With the country deeply divided, tension is running high heading into the election which Lula is gunning to win outright, without the need for a runoff on October 30.

A poll from the Datafolha institute released on Thursday put the charismatic but tarnished leftist on the cusp of a first-round win, with 50 percent of valid votes to 36 percent for Bolsonaro.

To win outright, he would need 50 percent plus one vote.

Bolsonaro has repeatedly signalled he could challenge an election loss, saying "only God" can remove him from office and alleging, without evidence, fraud in Brazil's electronic voting system.

"We're going to win in the first round -- 64 percent of the vote," Bolsonaro's congressman son Eduardo said at Sunday's rally, repeating his father's claims that polls showing Lula in the lead are fake.

Former metalworker Lula, who governed Brazil from 2003 to 2010, said Friday he feared the incumbent would create "turmoil" if he lost.
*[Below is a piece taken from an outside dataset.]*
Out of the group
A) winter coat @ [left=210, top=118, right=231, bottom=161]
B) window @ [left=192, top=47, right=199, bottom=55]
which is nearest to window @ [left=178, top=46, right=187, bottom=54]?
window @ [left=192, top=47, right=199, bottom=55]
Some fear a possible Brazilian version of the unrest that rocked the United States last year after Bolsonaro's political role model, Donald Trump, refused to accept electoral defeat.

"You always have to brace for trouble with Bolsonaro -- he's capable of anything," 52-year-old retiree Anderson Momesso told the AFP news agency at the Lula rally.

But 29-year-old teacher Ully Kotler said she was confident the "complete tragedy" of Bolsonaro's government had left him so isolated that "all he can do is stomp his feet and threaten a coup -- it won't go much beyond that."

Bolsonaro's popularity has been dented by a weak economy and his chaotic management of Covid-19.